Author : Inderpal Grewal
Publisher : Duke University Press
Page : 298 pages
File Size : 52,9 Mb
Release : 1996-03-14
Category : Social Science
ISBN : 9780822382003

Get Book

Home and Harem by Inderpal Grewal Pdf

Moving across academic disciplines, geographical boundaries, and literary genres, Home and Harem examines how travel shaped ideas about culture and nation in nineteenth-century imperialist England and colonial India. Inderpal Grewal’s study of the narratives and discourses of travel reveals the ways in which the colonial encounter created linked yet distinct constructs of nation and gender and explores the impact of this encounter on both English and Indian men and women. Reworking colonial discourse studies to include both sides of the colonial divide, this work is also the first to discuss Indian women traveling West as well as English women touring the East. In her look at England, Grewal draws on nineteenth-century aesthetics, landscape art, and debates about women’s suffrage and working-class education to show how all social classes, not only the privileged, were educated and influenced by imperialist travel narratives.

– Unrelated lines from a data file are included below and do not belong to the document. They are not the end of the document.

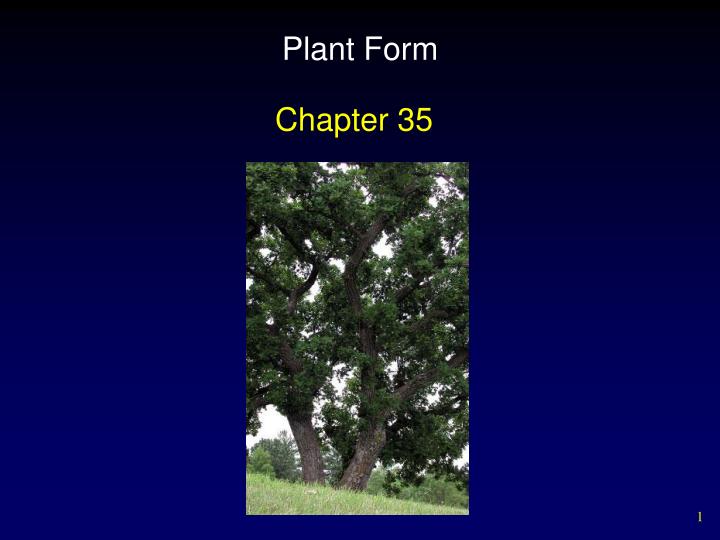 plant form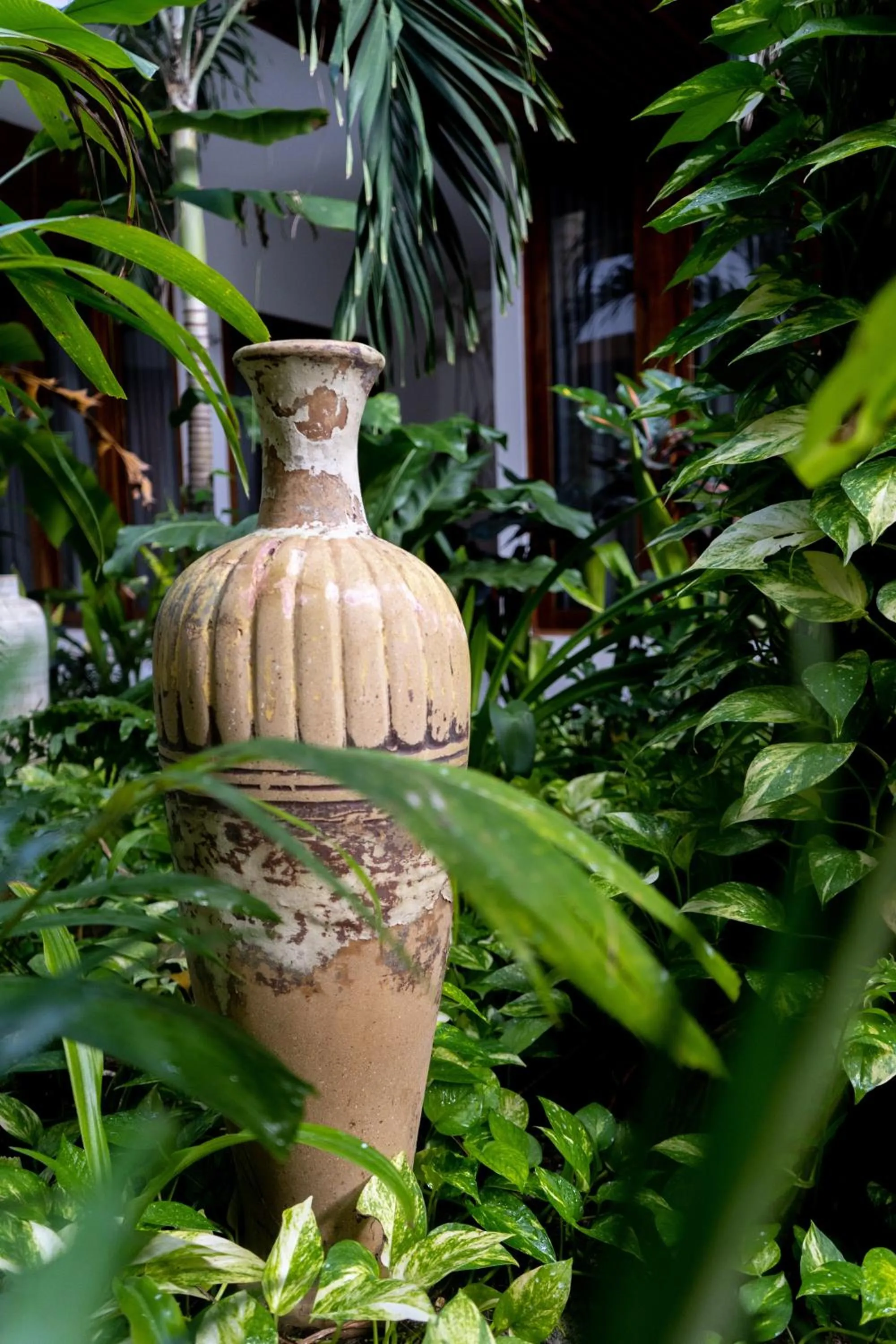 Property building in Hotel Casa Lumini Holbox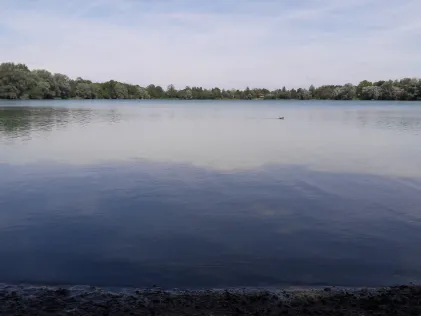 Fasaneriesee (München)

By examining diverse forms of Indian travel to the West and its colonies and focusing on forms of modernity offered by colonial notions of travel, she explores how Indian men and women adopted and appropriated aspects of European travel discourse, particularly the set of oppositions between self and other, East and West, home and abroad. Rather than being simply comparative, Home and Harem is a transnational cultural study of the interaction of ideas between two cultures. Addressing theoretical and methodological developments across a wide range of fields, this highly interdisciplinary work will interest scholars in the fields of postcolonial and cultural studies, feminist studies, English literature, South Asian studies, and comparative literature.

Harem Years

Author : Huda Shaarawi
Publisher : The Feminist Press at CUNY
Page : 173 pages
File Size : 44,9 Mb
Release : 2015-04-03
Category : Biography & Autobiography
ISBN : 9781558619111

Get Book

Harem Years by Huda Shaarawi Pdf

A firsthand account of the private world of a harem in colonial Cairo—by a groundbreaking Egyptian feminist who helped liberate countless women. In this compelling memoir, Shaarawi recalls her childhood and early adult life in the seclusion of an upper-class Egyptian household, including her marriage at age thirteen. Her subsequent separation from her husband gave her time for an extended formal education, as well as an unexpected taste of independence. Shaarawi’s feminist activism grew, along with her involvement in Egypt’s nationalist struggle, culminating in 1923 when she publicly removed her veil in a Cairo railroad station, a daring act of defiance. In this fascinating account of a true original feminist, readers are offered a glimpse into a world rarely seen by westerners, and insight into a woman who would not be kept as property or a second-class citizen.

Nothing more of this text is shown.